Machine learning uses existing data to build a model to predict future outcomes. In almost all cases, the raw data requires preprocessing and transformation before it can be used to build a model. This process is called feature engineering, and the outputs of this process are called features - the building blocks of the model.
Developing features is complex and time-consuming. An additional complication is that for machine learning, feature calculations need to be done for model training, and then again when the model is used to make predictions. These implementations might not be done by the same team or using the same code environment, which can lead to delays and errors. Also, different teams in an organization will often have similar feature needs but might not be aware of work that other teams have done. A feature store is designed to address these problems.
Feature tables
Features are organized as feature tables. Each table must have a primary key, and is backed by a Delta table and additional metadata. Feature table metadata tracks the data sources from which a table was generated and the notebooks and jobs that created or wrote to the table.
With Databricks Runtime 13.3 LTS and above, if your workspace is enabled for Unity Catalog, you can use any Delta table in Unity Catalog with a primary key as a feature table. See Work with feature tables. Feature tables that are stored in the local Workspace Feature Store are called “Workspace feature tables”. See Work with feature tables in workspace feature store.
Features in a feature table are typically computed and updated using a common computation function.
You can publish a feature table to an online store for real-time model inference.
FeatureLookup
Many different models might use features from a particular feature table, and not all models will need every feature. To train a model using features, you create a FeatureLookup
for each feature table. The FeatureLookup
specifies which features to use from the table, and also defines the keys to use to join the feature table to the label data passed to create_training_set
.
The diagram illustrates how a FeatureLookup
works. In this example, you want to train a model using features from two feature tables, customer_features
and product_features
. You create a FeatureLookup
for each feature table, specifying the name of the table, the features (columns) to select from the table, and the lookup key to use when the joining features to create a training dataset.
You then call create_training_set
, also shown in the diagram. This API call specifies the DataFrame that contains the raw training data (label_df
), the FeatureLookups
to use, and label
, a column that contains the ground truth. The training data must contain column(s) corresponding to each of the primary keys of the feature tables. The data in the feature tables is joined to the input DataFrame according to these keys. The result is shown in the diagram as the “Training dataset”.
FeatureFunction
A feature might depend on information that is only available at the time of inference. You can specify a FeatureFunction
that combines real-time inputs with feature values to compute up-to-date feature values. An example is shown in the diagram. For details, see Compute features on demand using Python user-defined functions.
Training set
A training set consists of a list of features and a DataFrame containing raw training data, labels, and primary keys by which to look up features. You create the training set by specifying features to extract from Feature Store, and provide the training set as input during model training.

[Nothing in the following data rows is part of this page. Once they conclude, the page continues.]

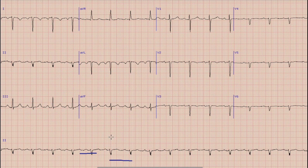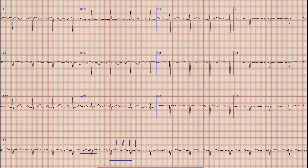The next thing is heart rate. We select a QRS complex which lies on the broad line, and from that QRS complex to the next QRS complex, we count the boxes as 300, 150, 100, and 75. The second QRS lies between 100 and 75, so the heart rate is likely around 80 to 85.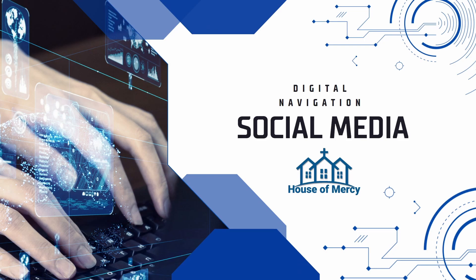Hello everyone and thank you for joining us today in our digital navigation course provided by the House of Mercy. Today's topic is going to be social media. My name is Marcus and I'll be presenting.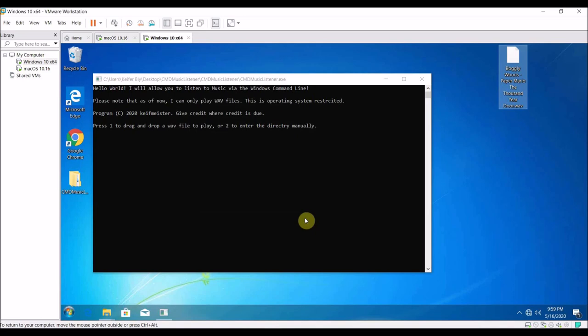Hello world, this is What's Up 2190 and in today's video I'm going to show you how you can use the Windows command line or CMD to listen to music.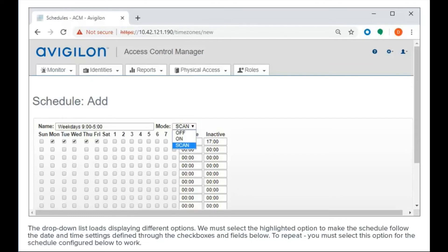The drop-down list loads displaying different options. We must select the highlighted option to make the schedule follow the date and time settings defined through the checkboxes and fields below. To repeat, you must select this option for the schedule configured below to work.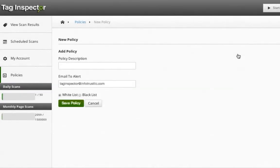Here you will name and describe your new policy, as well as add the email you want alerts to be sent to. You will also choose if you want to have your policy be a whitelist or a blacklist type.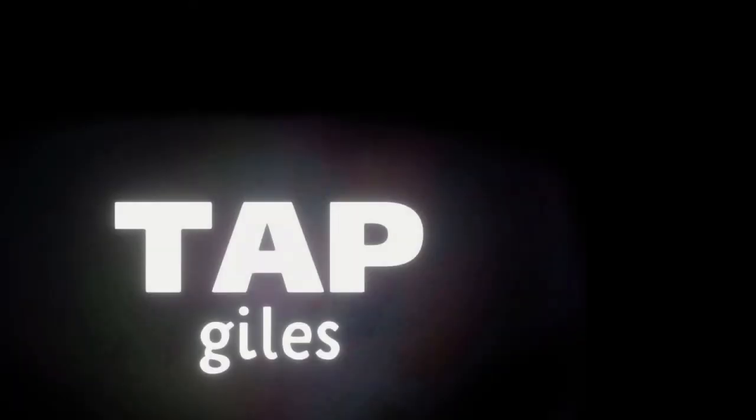I hope you learned something interesting. Go to patreon.com slash tapgiles to learn something new every day.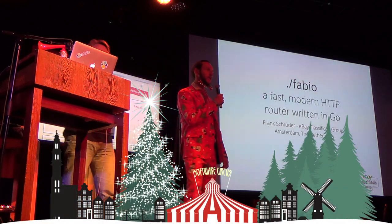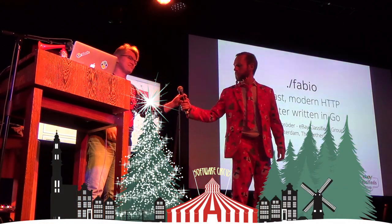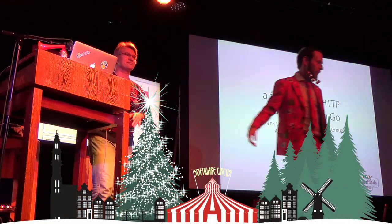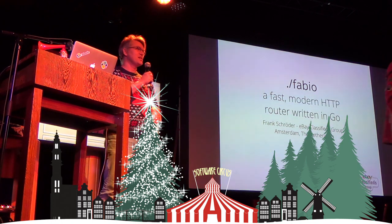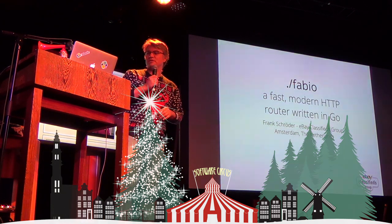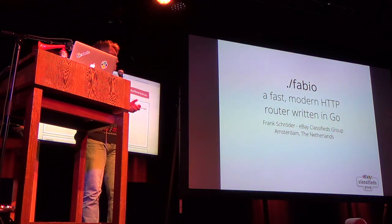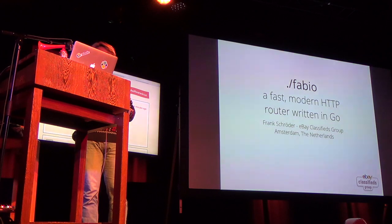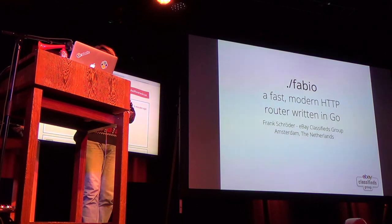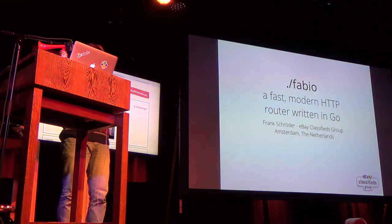Let's get a big round of applause for Frank Schröder, please. Thank you. Welcome. My name is Frank Schröder. I work for eBay Classifieds Group here in Amsterdam.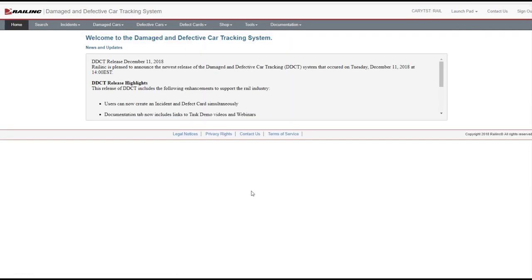When a defective car is determined to be beyond repair, the car owner can authorize the handling carrier to dismantle or scrap the car. Note, for Rule 108 incidents created prior to February 21, 2017, follow the dismantle process that was in effect at that time. Contact the Rail Link Customer Success Center if you have questions.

See Create a training dataset for an example of how to create and use a training set.
When you train and log a model using Feature Engineering in Unity Catalog, you can view the model’s lineage in Catalog Explorer. Tables and functions that were used to create the model are automatically tracked and displayed. See Feature governance and lineage.
Time series feature tables (point-in-time lookups)
The data used to train a model often has time dependencies built into it. When you build the model, you must consider only feature values up until the time of the observed target value. If you train on features based on data measured after the timestamp of the target value, the model’s performance may suffer.
Time series feature tables include a timestamp column that ensures that each row in the training dataset represents the latest known feature values as of the row’s timestamp. You should use time series feature tables whenever feature values change over time, for example with time series data, event-based data, or time-aggregated data.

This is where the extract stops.